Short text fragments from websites
──────────────────────────────

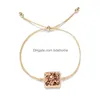 Charm Bracelets Fashion 6 Colors Resin Druzy Bracelet Square Irregar Imitate Natural Stone Adjust Dstring Drusy Bangle For Women Jewe Dhnkt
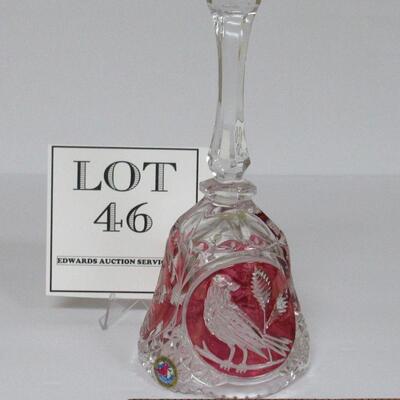 Vintage West Germany Lead Crystal Glass Bell, Bird Theme, Hofbauer Collection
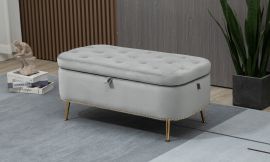 Light Grey Fabric Storage Ottoman Tufted Box Chest Foot Stool Studs and Rings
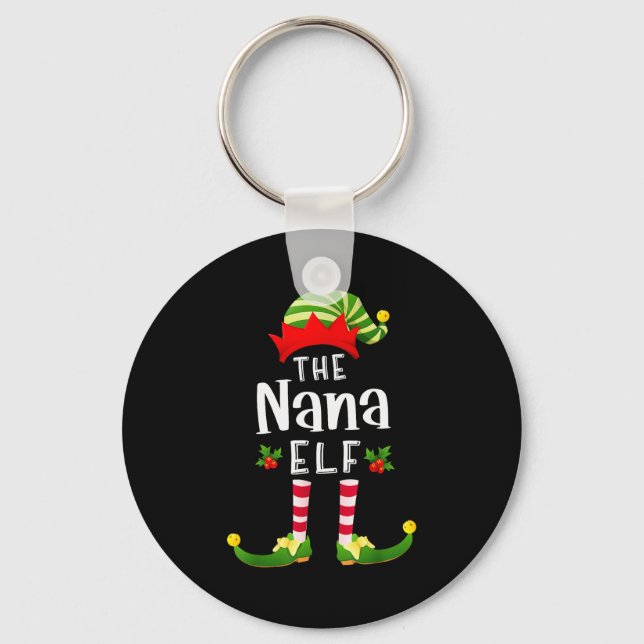 Nana Christmas Elf Matching Pajama X-mas Party  Nyckelring (Framsida)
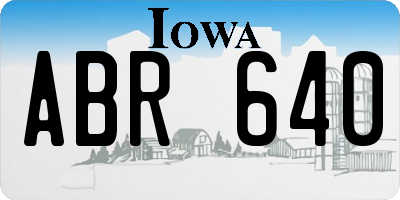 IA license plate ABR640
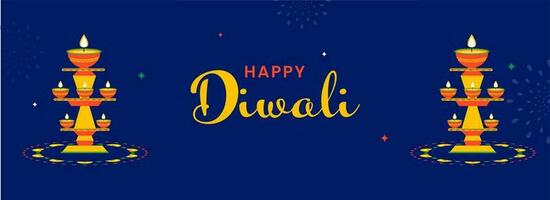 Happy Diwali Celebration Concept With Lit Oil Lamps Stands On Blue Background. vector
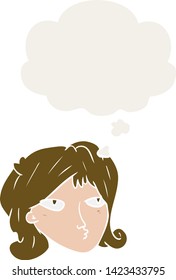 cartoon woman with thought bubble in retro style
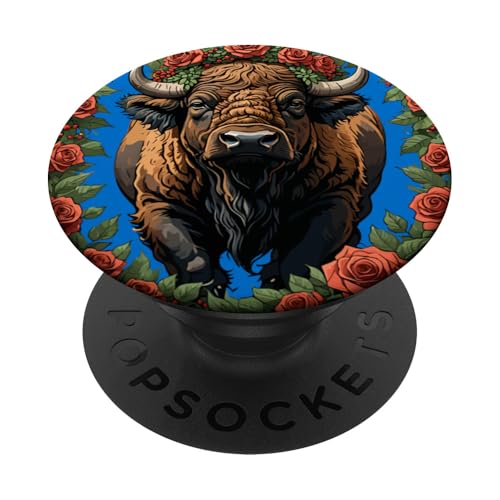 Büffel umgeben von roten Rosen PopSockets Klebender PopGrip von Oklahoma Territory Symbols Gifts & Tees taiche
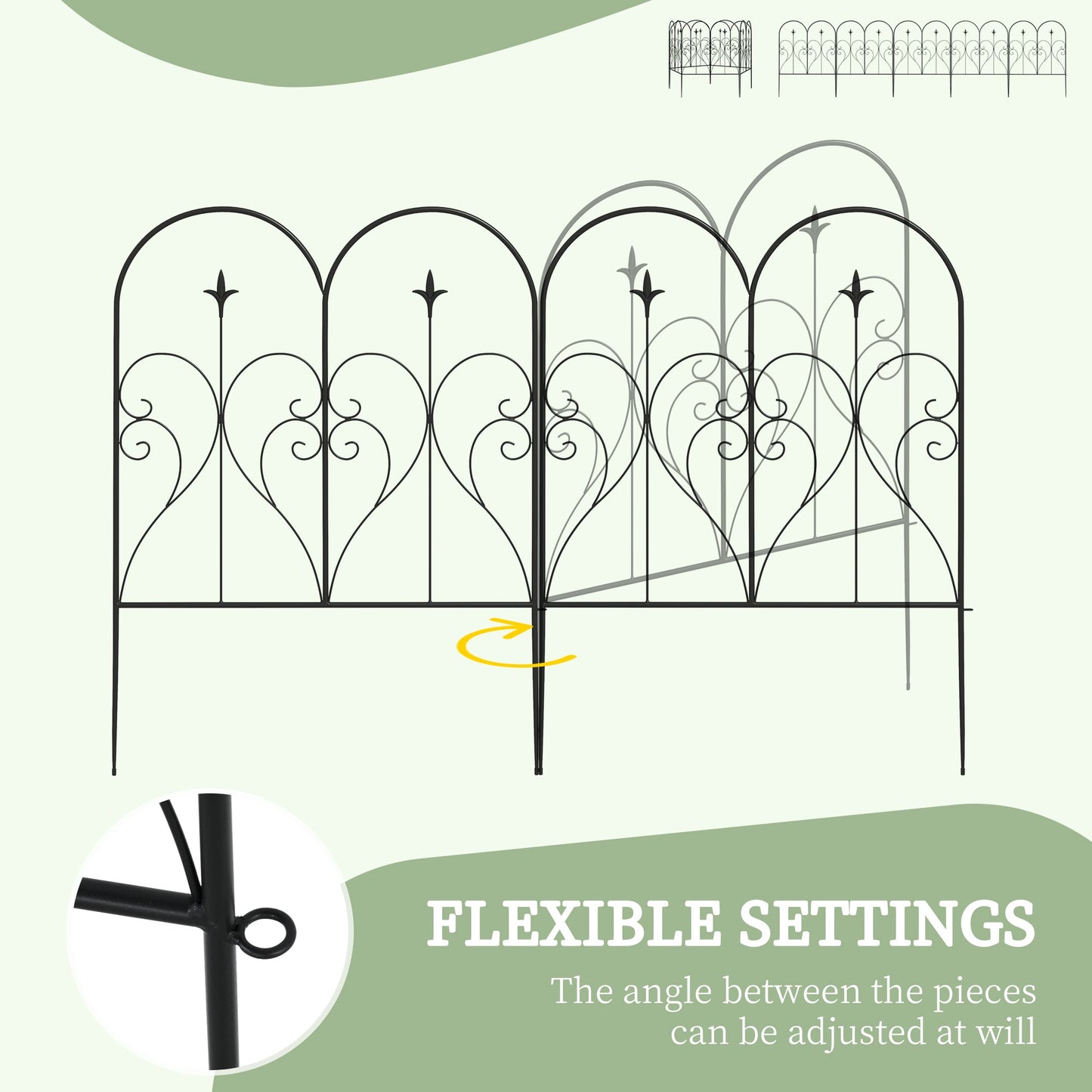 Set of 5 Metal Outdoor Picket Fence Panels with Heart Scrollwork - Black-4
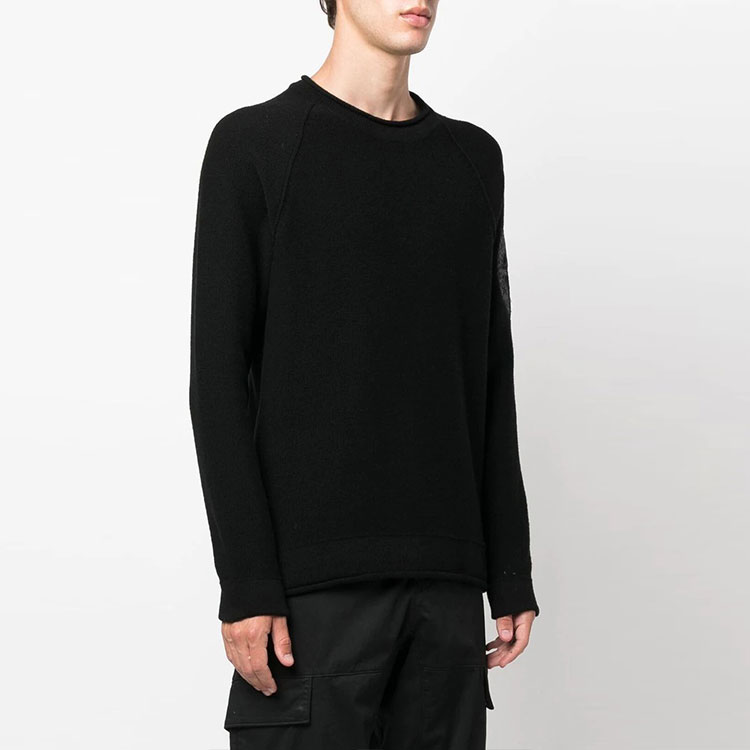STONE ISLAND FW22 Black Crewneck Knit Sweater with Logo Embroidery . 7715534A4-V0029 圖 6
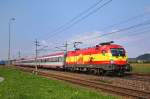 Auch schon Geschichte - Spanien EM-Lok 1116.232 mit dem OEC 765 auf der Fahrt nach Wien Westbahnhof bei Amstetten. (18.08.2009)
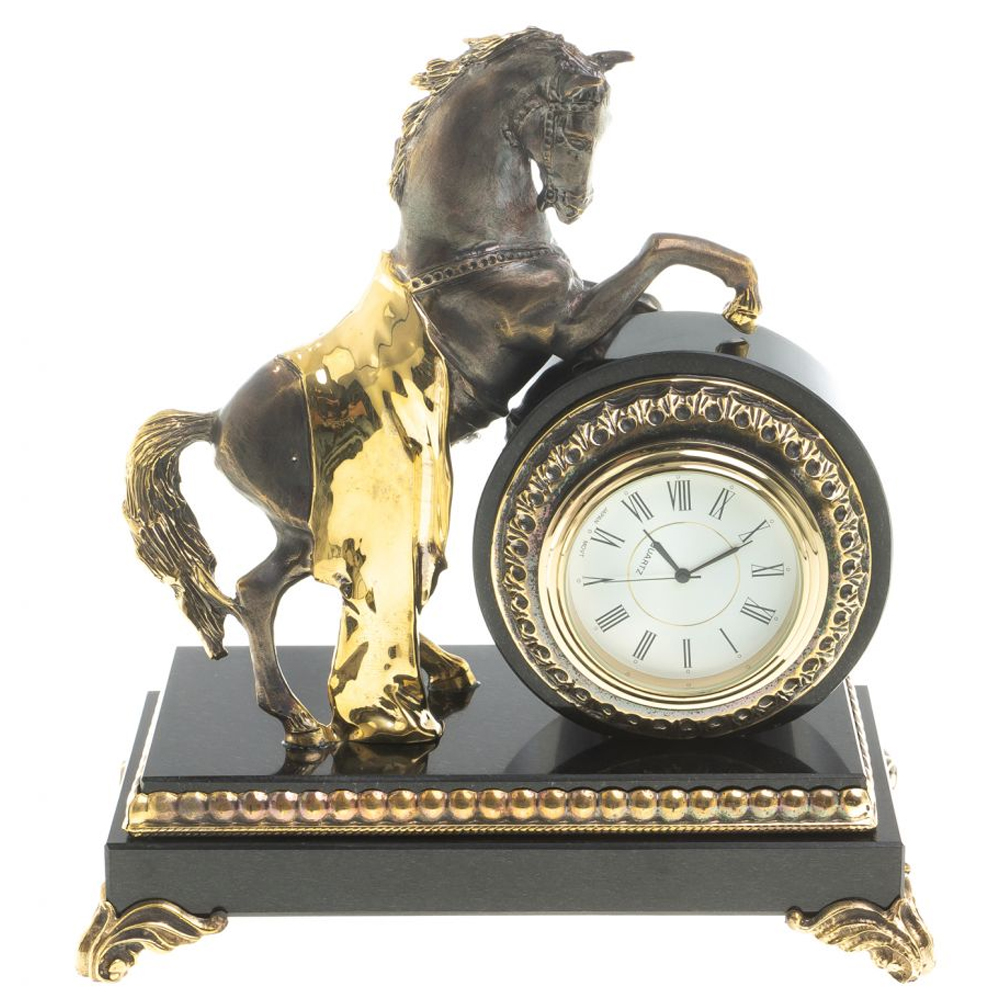 Часы настольные бронзовые с декором в виде коня Horse Stone Clock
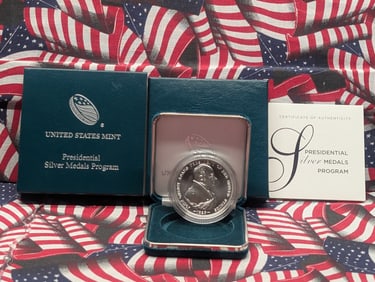 1 Oz. .999 FINE SILVER 2019 John Quincy Adams Presidential Medal in OGP w/ COA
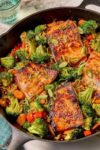 Teriyaki Salmon Vegetable Fried Rice Skillet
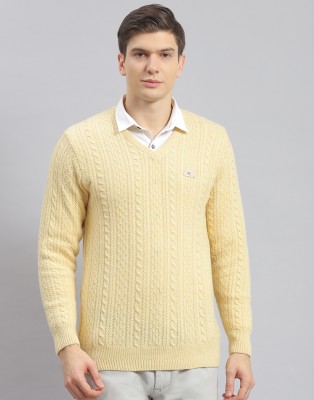 MONTE CARLO Self Design V Neck Casual Men White Sweater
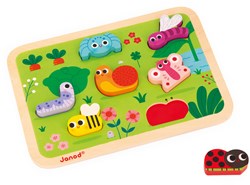 Janod Holzpuzzle - Gartentiere - Lernspielzeug ab 18 Monaten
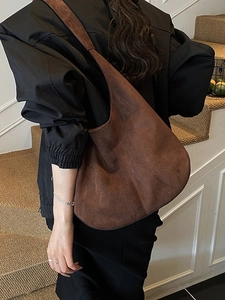 Vintage brown suede canvas tote bag for women with large capacity shoulder strap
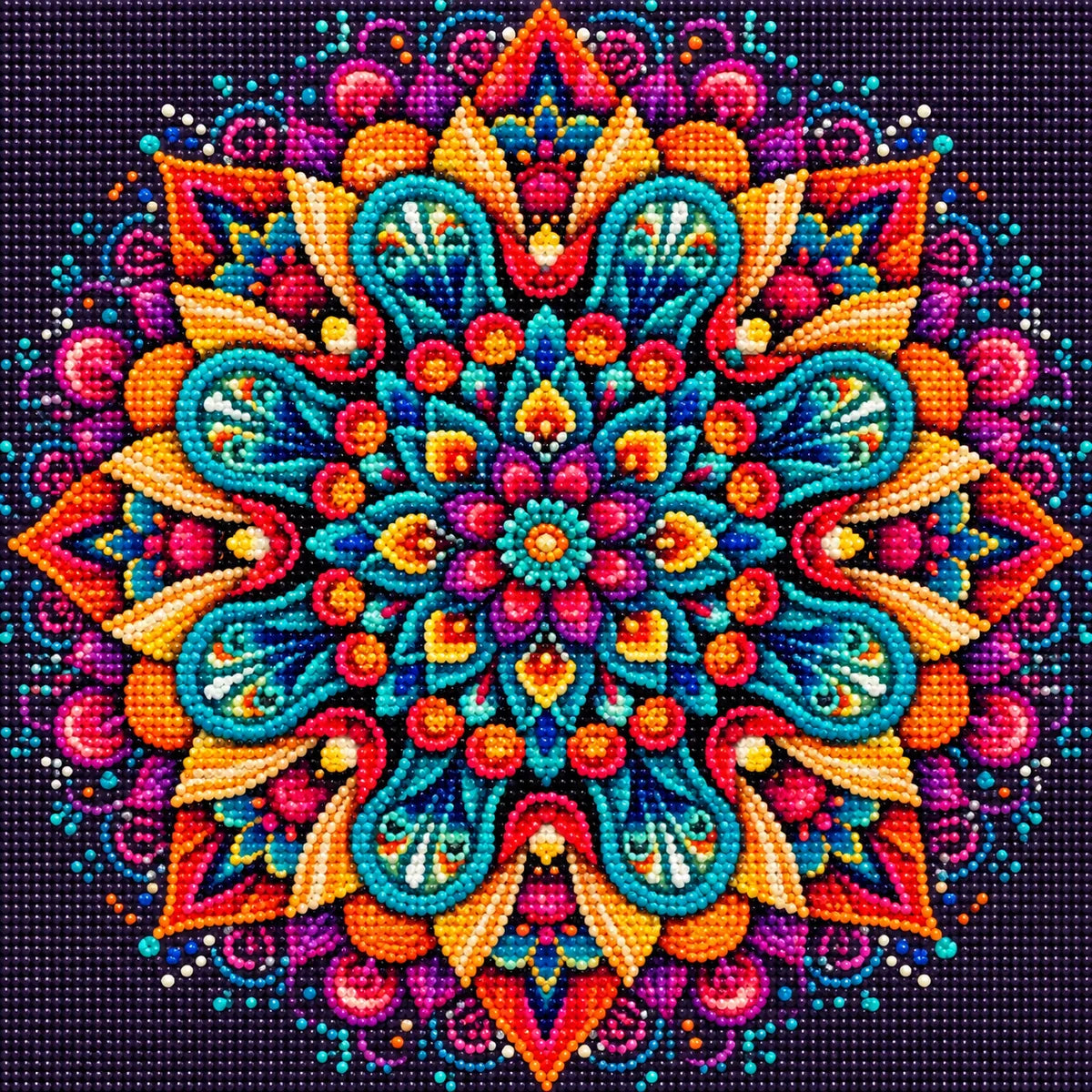 Green Flower Center Mandala Diamond Art Kit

──────────────────────────────

WHAT YOU NEED TO DO: Set down each entry above word for word, without its pictures.

WRITTEN ANSWER:
 Charm Bracelets Fashion 6 Colors Resin Druzy Bracelet Square Irregar Imitate Natural Stone Adjust Dstring Drusy Bangle For Women Jewe Dhnkt
 Vintage West Germany Lead Crystal Glass Bell, Bird Theme, Hofbauer Collection
 Light Grey Fabric Storage Ottoman Tufted Box Chest Foot Stool Studs and Rings
 Nana Christmas Elf Matching Pajama X-mas Party  Nyckelring (Framsida)
 IA license plate ABR640
 Happy Diwali Celebration Concept With Lit Oil Lamps Stands On Blue Background. vector
 cartoon woman with thought bubble in retro style
 Büffel umgeben von roten Rosen PopSockets Klebender PopGrip von Oklahoma Territory Symbols Gifts & Tees taiche
 Set of 5 Metal Outdoor Picket Fence Panels with Heart Scrollwork - Black-4
STONE ISLAND FW22 Black Crewneck Knit Sweater with Logo Embroidery . 7715534A4-V0029 圖 6
 Auch schon Geschichte - Spanien EM-Lok 1116.232 mit dem OEC 765 auf der Fahrt nach Wien Westbahnhof bei Amstetten. (18.08.2009)
 Часы настольные бронзовые с декором в виде коня Horse Stone Clock
 1 Oz. .999 FINE SILVER 2019 John Quincy Adams Presidential Medal in OGP w/ COA
 Teriyaki Salmon Vegetable Fried Rice Skillet
 MONTE CARLO Self Design V Neck Casual Men White Sweater
 Janod Holzpuzzle - Gartentiere - Lernspielzeug ab 18 Monaten
 Vintage brown suede canvas tote bag for women with large capacity shoulder strap
 Green Flower Center Mandala Diamond Art Kit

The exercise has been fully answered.